72 Ordinarily, solicitor/client and party/party costs are regulated by determinations made by the Legal Costs Committee.
73 The general rule that the successful party to any action or matter recover his or her costs usually applies notwithstanding that the successful party may have failed in relation to some issues or parts of their case. In Elite Protective Personnel Pty Ltd v Salmon (No 2) [2007] NSWCA 373 Beazley, McColl and Basten JJA said:
Where there are multiple issues in a case the court generally does not attempt to differentiate between the issues on which the appellant was successful and those on which it failed. Unless a particular issue or group of issues is clearly dominant or separable it will ordinarily be appropriate to award the costs of the proceedings to the successful party without attempting to differentiate between those particular issues on which it was successful and those on which it failed [6].
74 In Leighton Contractors Pty Ltd v Public Transport Authority of Western Australia [No 7] [2009] WASC 218 [19] Le Miere noted that:
In determining the appropriate costs order where a litigant is not successful on each issue in the action, the court must seek to give effect to two policies that are likely to collide. On the one hand, it should not adopt an approach so rigid as to dissuade a party, by the risk of an adverse costs award, from canvassing all issues, however doubtful, which might be material to the decision in the case. On the other hand, in view of extensive court delays and high legal costs, the court should encourage parties to consider carefully the matters they do put in issue in their litigation. Litigants who realise that they will not necessarily recover the whole of their costs where they have unsuccessfully raised a discrete issue are more likely to consider whether the raising of that issue is a justifiable course to take. Which policy should prevail in any given case depends on what, according to the court, the justice of the case requires: see Dal Pont G E, Law of Costs (2003) [8.9].
75 The defendants correctly note that the plaintiffs only succeeded in relation to a small number of claims. The vast majority were dismissed.
76 The mere fact that a large number of claims did not succeed is not, of itself, a reason to depart from the general rule that a successful party is entitled to their costs. In Amaca Pty Ltd (formerly James Hardie & Co Pty Ltd) v Hannell [2007] WASCA 158 (S) the Court of Appeal observed:
[T]he power to adjust an order for costs by reference to particular issues upon which the generally successful party has failed, is properly exercised only where there are discrete and severable issues upon which the generally successful party has failed, and which have added to the cost of the proceedings in a significant and readily discernible way [7].
77 A proper analysis of all of the claims pursued by the plaintiffs at trial reveals that although many claims failed, the evidence relied upon in relation to the failed claims was generally relevant and admissible in relation to all claims. Looking at the separate claims that did not succeed, including the ones referred to below, I note that:
(a) The claim for breach of contract by the first defendant, which was advanced solely against the first defendant, needed to be assessed by an objective assessment of what was said by Mrs Clack and Mrs Murray during the relevant conversation. This was essential background evidence and was relevant to the events that followed.
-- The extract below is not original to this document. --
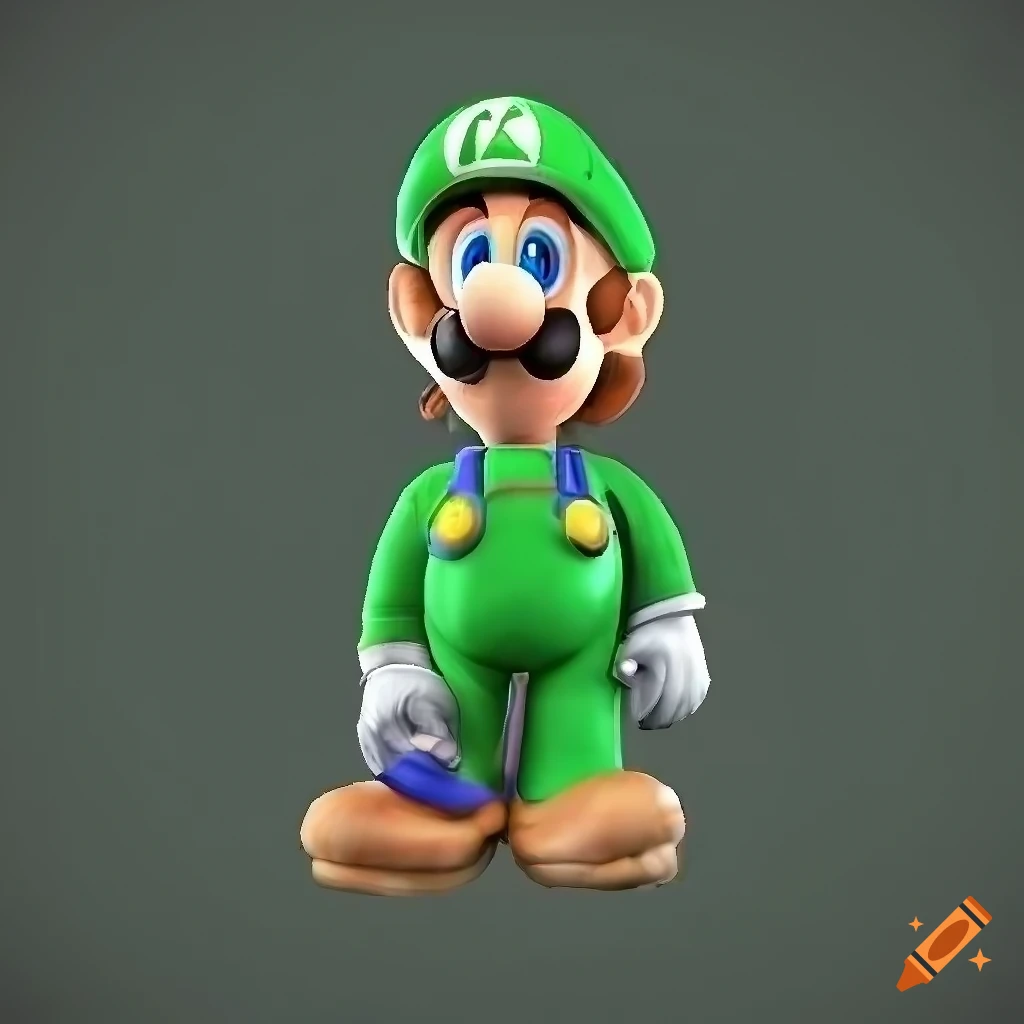 Realistic depiction of luigi from video games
(b) In relation to the claim for breach of fiduciary duty against first to fifth defendants, whilst the District Court does not have jurisdiction to hear or determine such a claim standing separately, many of the issues raised under this claim were generally relevant to the circumstances surrounding the claims against the defendants in negligence where a relevant duty of care was pleaded.
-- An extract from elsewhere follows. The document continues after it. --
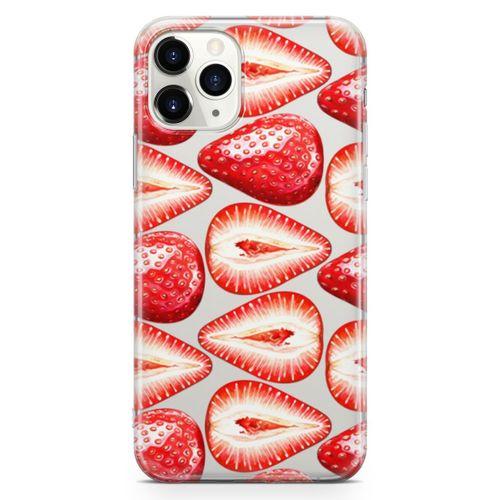 Apple iPhone 11 Pro Max Kılıf Çilek Aşkı Arka Kapak Koruma Desenli Full Koruyucu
(c) The Radio Promotion was relevant when considering the nature of the relationship between the plaintiffs and the defendants, how it developed and whether in fact a duty of care existed between them.
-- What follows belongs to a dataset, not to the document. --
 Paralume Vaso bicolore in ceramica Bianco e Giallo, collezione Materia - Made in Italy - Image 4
(d) What occurred during the attendance on 16 March 2009 (the attendance representations (Statement of claim par 16)) was relevant when considering the totality of the circumstances involved, including the nature of the relationship between the plaintiffs and the defendants. The pleaded representations did not stand alone. They were relevant when considering, together with the Gold Representations (statement of claim 18) and the Purple Representations (statement of claim 19), all of the circumstances leading up to the purchase of the property.
(e) Although the plaintiffs originally relied upon 12 separate representations set out in the Gold Document (exhibit 2), only seven were ultimately pursued (statement of claim 18(v) - 18(vii); 18(ix) - 18(xii), the whole Gold Document needed to be considered in context. Two representations ultimately succeeded, namely:
• First Gold Representation - Slide 4 - MyPortfolio 'represent[s] You not the seller' (statement of claim 18(v));
• Fourth Gold Representation - Slide 5 – 'We [My Portfolio] provide you an unbiased consultative service' (statement of claim 18(ix)).
(f) The plaintiffs claim based upon the Purple Representations (Statement of Claim [19]) failed completely. Nonetheless, all parties submitted at trial that the Gold and Purple Representations needed to be considered together and in context. Consequently all of the representations were relevant irrespective of whether the plaintiffs succeeded in relations to specific claims based upon individual representations contained within each document.
(g) So far as the claim based upon the Financial Projections (Statement of claim [17(b)]) is concerned, the plaintiffs ultimately conceded that there was no evidence to support this claim.
(h) In relation to the Verbal Representations (Statement of claim [20]), the plaintiffs ultimately only pursued two of the four verbal representations originally pleaded at statement of claim 20, both of which failed. They were:
• 'the Cowrie Apartments proposal referred to in the Purple Representations and the Gold Representations was the best property for the Plaintiff' (statement of claim 20(i)); and
• 'that the Cowrie Apartment proposal was perfect due to the lease guarantee over the property' (statement of claim 20(iii)).
- The evidence relating to all the verbal representations was part of the background and was generally relevant to all issues at trial.
(i) The claims in negligence that the defendants failed to provide any advice (statement of claim 46(a) and 49(xxii)) and the claim that they failed to make adequate market enquiries as to the true market value of the property (statement of claim 46(b)) were inextricably intertwined. The fact that the plaintiffs failed in relation to the latter says nothing about the relevance of the evidence generally.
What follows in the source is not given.